The price increases in commodities raise concerns of slowing demand in food and energy, a feature starting to show up in earnings reports at companies like Archer Daniels Midland, said Mike Zuzolo, president Global Commodity Analytics and Consulting in Lafayette, Ind.
Food companies face trouble as price increases hit grocery store shelves, with companies passing on higher costs to consumers reflected in a 3% rise in retail prices for processed food, Zuzolo said.
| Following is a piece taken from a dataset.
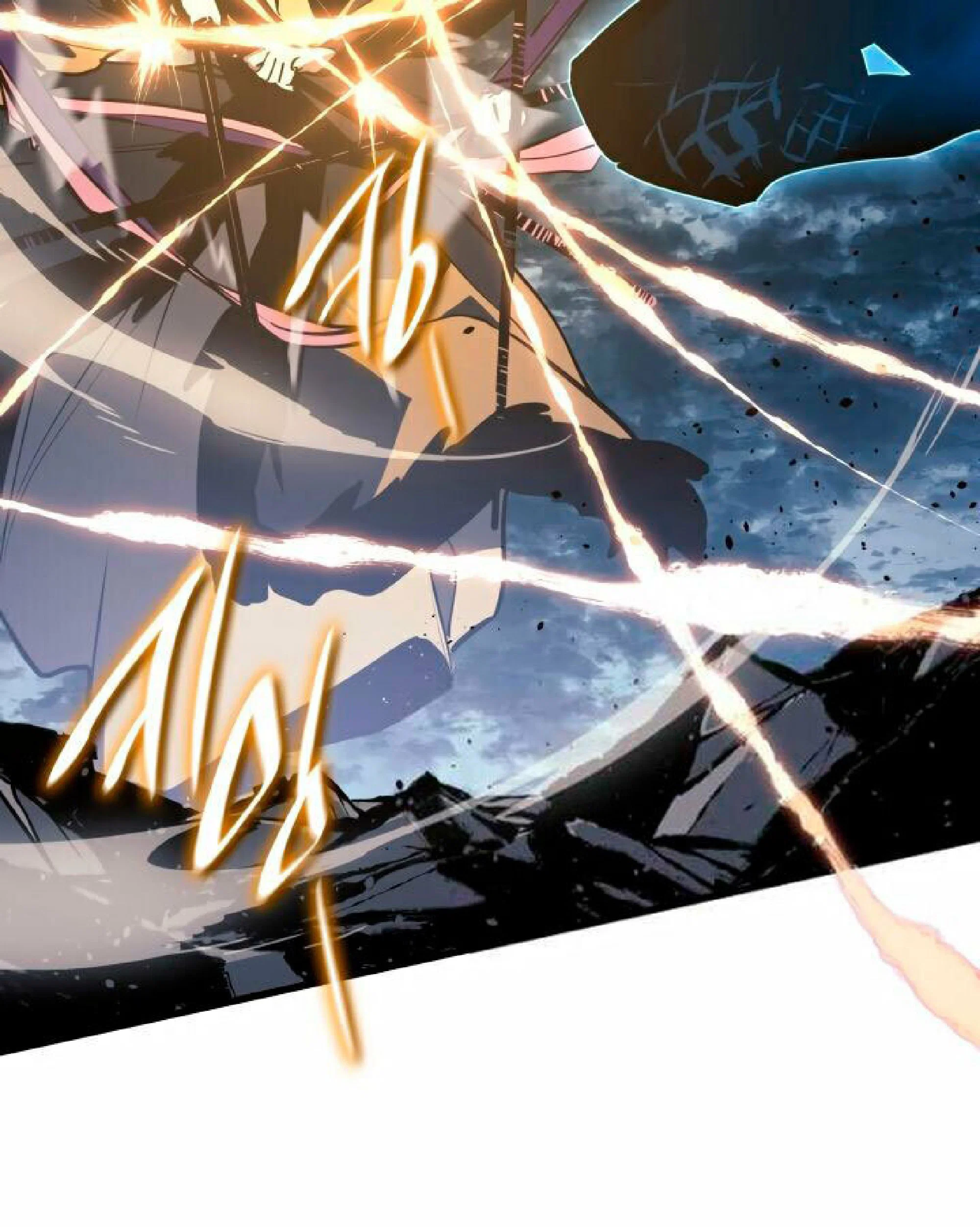 Read Жнец дрейфующей луны RU Manga Online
Meanwhile, the U.S. Department of Agriculture reported weekly export sales Thursday that were "poor across the board," said Don Roose, president of U.S. Commodities in Des Moines, Iowa. The sales, below analyst expectations for corn, soybeans and wheat, are a sign that buyers are balking at historically high prices, analysts said.
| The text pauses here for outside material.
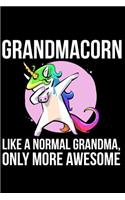 Grandmacorn Like a Normal Grandma, Only More Awesome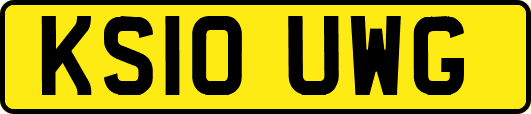 KS10UWG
Weekly export sales for soybeans were only a net 21,200 metric tons for the week ended April 28, with 21,000 tons for delivery in the 2010-11 marketing year that ends Aug. 31. Total corn sales for the week ended April 28 were 284,200 metric tons for delivery before the end of the crop's marketing year, down 19% from the previous week and 53% from the prior four-week average.
U.S. soybean futures retreated for the fourth consecutive day, succumbing to the broad-based selling across commodity markets. The theme of large investors reducing risk in commodities kept pressure on prices, with slower export demand and the threat of some intended planted corn acres shifting to soybeans aiding the lower theme, analysts said. Soybeans for July delivery dropped 30 1/4 cents, or 2.2%, to $13.21 3/4 a bushel.
U.S. corn futures ended lower, unable to buck the broader commodity trend, despite ongoing supply worries and a sluggish start to the planting season. The market was also pressured by slowing export demand, a potential sign that high prices may be reducing demand for corn. Corn for July delivery, the most actively traded contract, ended down 20 3/4 cents, or 2.8%, at $7.08 3/4 a bushel. The New crop December contract dropped 9 1/2 cents or 1.4% to $6.55 3/4.
U.S. wheat was swept up in the broader-based commodity selloff, as traders concerned about slower consumption amid economic worries weighed on prices, analysts say.
Wheat for July delivery ended down 18 cents, or 2.3%, at $7.54 a bushel at Chicago Board Of Trade. At the Kansas City Board of Trade, hard red winter wheat for July delivery dropped 2.4% to $8.57 a bushel. Hard red spring wheat for July delivery closed down 2.2% at $8.95 1/2 a bushel at the MGEX in Minneapolis.
CBOT July soyoil settled 2.5% lower at 55.73 cent/pound and July soymeal ended 1.4% lower at $347.50/short ton. U.S. rough rice futures closed limit down for the second consecutive day, with the July contract tumbling 5% to $14.14/hundredweight. Broad-based liquidation of commodities pressured the market despite issues for crops in Texas and planting concerns in the Delta, analysts say.
U.S. oat futures stumbled Thursday, retreating with other commodity markets, despite concerns about planting delays in the northern plains. Oats for July delivery settled 12 cents, or 3.5%, lower at $3.34 a bushel. Ethanol futures dropped in unison with corn and crude oil futures. July ethanol ended down 2.3% at $2.578 a gallon.